The second part of Gregg Araki’s Teen Apocalypse trilogy – after Totally F***ed Up and before Nowhere – The Doom Generation holds a special place as one of the few films that truly helps define mid-90s indie cinema. It’s a movie that feeds off Generation X nihilism and the anger of post-punk youth to create a road trip film that feels both meaningful and pointless at the same time.
Amy (Rose McGowan) and her slightly dim boyfriend Jordan (James Duval) are out one night when their paths cross that of drifter Xavier (Johnathan Schaech). While Amy at first wants nothing to do with him, a strange bond develops after Xavier saves her life by literally shooting a gun-toting shop owner’s head off. The trio end up heading off on a trip together, with Xavier having an unnerving tendency to kill people, and Amy being constantly mistaken for the love of peoples’ lives, with violent results.
Things get ever stranger and soon Xavier is having sex with Amy, but with Jordan’s knowledge and tacit approval. And why does everything cost $6.66?
As with several other of Gregg Araki’s films, The Doom Generation lives on the edge between meandering pointlessness and surreal significance. With plenty of sex and extreme violence, one moment it seems like it’s going nowhere, before adding a neat little satirical point. For example, just as OTT blood, guts and gore reaches the point of becoming tedious, the film stops for a few minutes so the characters can mourn the death of a random dog, highlighting the daftness of how desensitised we can get to violence against humans but animals will get us every time.

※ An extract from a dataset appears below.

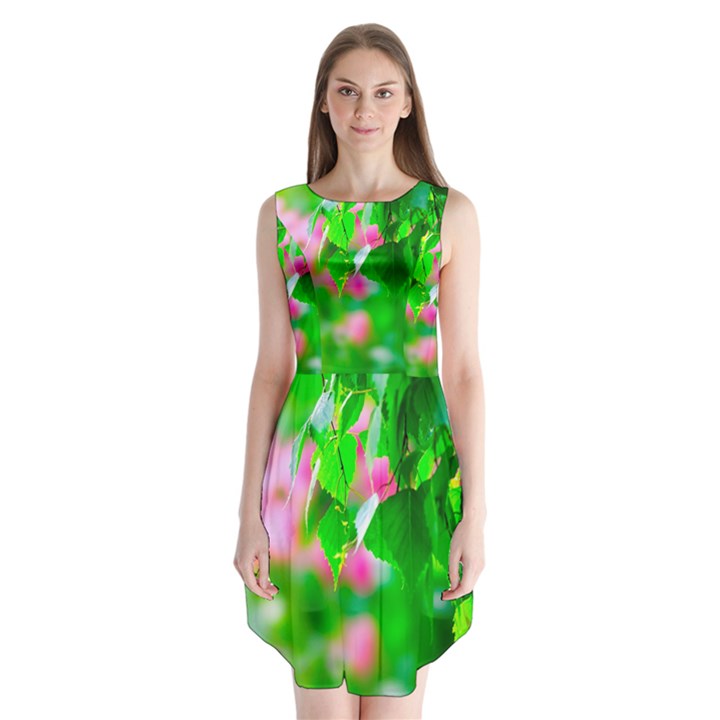 Green Birch Leaves, Pink Flowers Sleeveless Chiffon Dress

Many have compared it to Natural Born Killers, but while Oliver Stone’s movie has always struck me as rather contrived, The Doom Generation has a far better sense of humour and a stronger authenticity to the grunge generation. It’s very rough around the edges, but it works. Indeed, it’s worth a look just for Amy’s incredible use of profanity, who manages to turn cursing into an art form.
Araki is well known for his queer sensibility, but The Doom Generation is billed as his ‘heterosexual movie’, although as he acknowledges in the new interview on the disc, that’s a bit of a misnomer. Although there’s no actual gay content, the sexual tension between Jordan and Xavier is deliberate and palpable, with the only question being whether Jordan is oblivious to it or not. It’s not a coincidence either that the dark and wince-inducing ending comes just as the duo are about to act on their attraction.
Overall Verdict: A strange movie that puts post-punk grunge nihilism on screen, with a dark sense of humour as well as plenty of sex and violence.